DETERMINATION OF PHOSPHATIDYLETANOL IN DRIED BLOOD SPOT BY UHPLC-MS/MS: EVALUATION OF ALCOHOL CONSUMPTION IN CHEMICAL DEPENDENTS

We developed and validated an UHPLC-MS/MS method for the quantification of phosphatidylethanol (PEth) in dried blood spots (DBS). Sample preparation was a liquid extraction and chromatographic separation was performed in an Acquity C8 column. The mobile phases were 4 mM ammonium acetate in water (A) and acetonitrile (B) at 24:76 (v/v). The total analytical run time was 6 minutes, with retention time of 3.36 min for PEth and 4.13 min for phosphatidylpropanol. The method was linear from 10 to 3000 ng mL-1, specific, with, precise and accurate. The analyte was stable in DBS stored from -20 to 45 °C for 21 days. Matrix effect was compensated with the internal standard (-5.21% to + 6.09%). The method was applied in the evaluation of alcohol consumption in DBS from 25 chemical dependents. The PEth concentrations ranged from 14.5 to 2380.8 ng mL-1, with significant correlation with the self-report alcohol consumption AUDIT scores (r=0.41).

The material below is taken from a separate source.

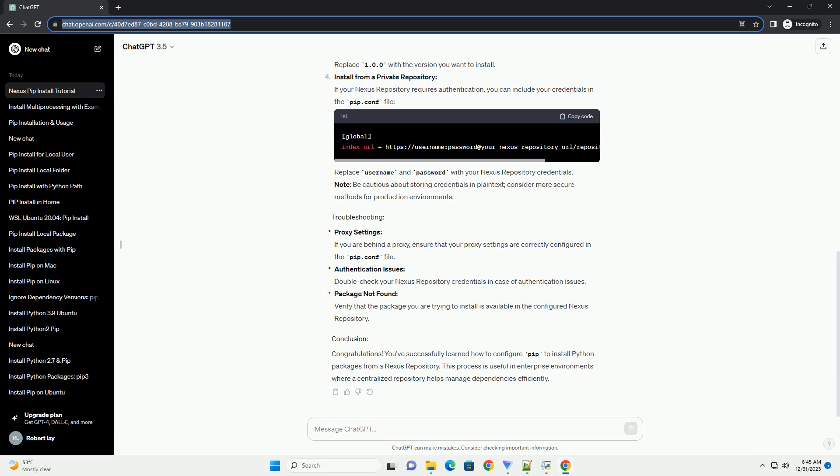To install a specific version of a package, use the following syntax. Replace 1.0.0 with the version you want to install.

本研究建立并验证了一种用于干血斑（DBS）中磷脂酰乙醇胺（PEth）定量分析的超高效液相色谱-串联质谱法（UHPLC-MS/MS）。样品前处理采用液萃取法，色谱分离于Acquity C8色谱柱上完成。流动相分别为含4 mM乙酸铵的水溶液（流动相A）与乙腈（流动相B），二者体积比为24:76。总分析运行时长为6分钟，磷脂酰乙醇胺的保留时间为3.36 min，磷脂酰丙醇的保留时间为4.13 min。该方法线性范围为10~3000 ng·mL⁻¹，专属性良好，精密度与准确度俱佳。分析物在-20℃至45℃条件下储存21天的干血斑中保持稳定。基质效应通过内标进行补偿，补偿区间为-5.21%至+6.09%。本方法应用于25名酒精依赖者的干血斑样本的酒精摄入评估。样本中磷脂酰乙醇胺的浓度范围为14.5~2380.8 ng·mL⁻¹，与自我报告的酒精摄入量及酒精使用障碍识别测试（AUDIT）评分呈显著相关（r=0.41）。